■ Exercise objective
Print the lines that run from the line with "Load image into" to the line with "Curvy Kate Hibiscus", keeping both end lines, exactly as they appear in the entries below, and nothing else.
[Opening Data for review section]
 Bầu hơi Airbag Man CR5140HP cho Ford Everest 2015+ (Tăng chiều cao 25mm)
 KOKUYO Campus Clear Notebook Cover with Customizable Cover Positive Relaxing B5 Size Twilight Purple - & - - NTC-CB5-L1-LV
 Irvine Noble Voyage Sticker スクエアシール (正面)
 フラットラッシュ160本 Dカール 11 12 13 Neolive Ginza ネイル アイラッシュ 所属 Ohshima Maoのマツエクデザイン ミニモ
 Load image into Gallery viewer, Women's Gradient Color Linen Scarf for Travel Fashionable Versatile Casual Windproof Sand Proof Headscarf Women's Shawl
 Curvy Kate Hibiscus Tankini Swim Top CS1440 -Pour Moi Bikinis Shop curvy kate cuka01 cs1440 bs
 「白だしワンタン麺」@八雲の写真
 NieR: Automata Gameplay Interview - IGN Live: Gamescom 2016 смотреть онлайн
[Closing Data for review section]
■ Exercise answer
 Load image into Gallery viewer, Women's Gradient Color Linen Scarf for Travel Fashionable Versatile Casual Windproof Sand Proof Headscarf Women's Shawl
 Curvy Kate Hibiscus Tankini Swim Top CS1440 -Pour Moi Bikinis Shop curvy kate cuka01 cs1440 bs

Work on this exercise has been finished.